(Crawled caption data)

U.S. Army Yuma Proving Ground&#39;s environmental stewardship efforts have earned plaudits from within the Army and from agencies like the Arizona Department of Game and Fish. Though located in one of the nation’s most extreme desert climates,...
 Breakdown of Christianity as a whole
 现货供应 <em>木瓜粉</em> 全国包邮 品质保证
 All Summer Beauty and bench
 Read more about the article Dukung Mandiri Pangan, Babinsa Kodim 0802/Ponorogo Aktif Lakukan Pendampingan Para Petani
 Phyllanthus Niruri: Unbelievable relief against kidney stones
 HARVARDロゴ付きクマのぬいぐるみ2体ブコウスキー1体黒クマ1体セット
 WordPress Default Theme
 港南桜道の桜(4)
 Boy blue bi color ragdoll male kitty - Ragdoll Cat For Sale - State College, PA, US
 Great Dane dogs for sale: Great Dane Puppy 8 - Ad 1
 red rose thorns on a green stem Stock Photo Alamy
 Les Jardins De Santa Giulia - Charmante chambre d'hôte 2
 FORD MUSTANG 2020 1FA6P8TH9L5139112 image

WHAT TO WORK ON
Please write out exactly the lines from the start of the data through the line that contains "All Summer Beauty and bench", both ends included, and nothing else.

RESPONSE TO THIS TASK
U.S. Army Yuma Proving Ground&#39;s environmental stewardship efforts have earned plaudits from within the Army and from agencies like the Arizona Department of Game and Fish. Though located in one of the nation’s most extreme desert climates,...
 Breakdown of Christianity as a whole
 现货供应 <em>木瓜粉</em> 全国包邮 品质保证
 All Summer Beauty and bench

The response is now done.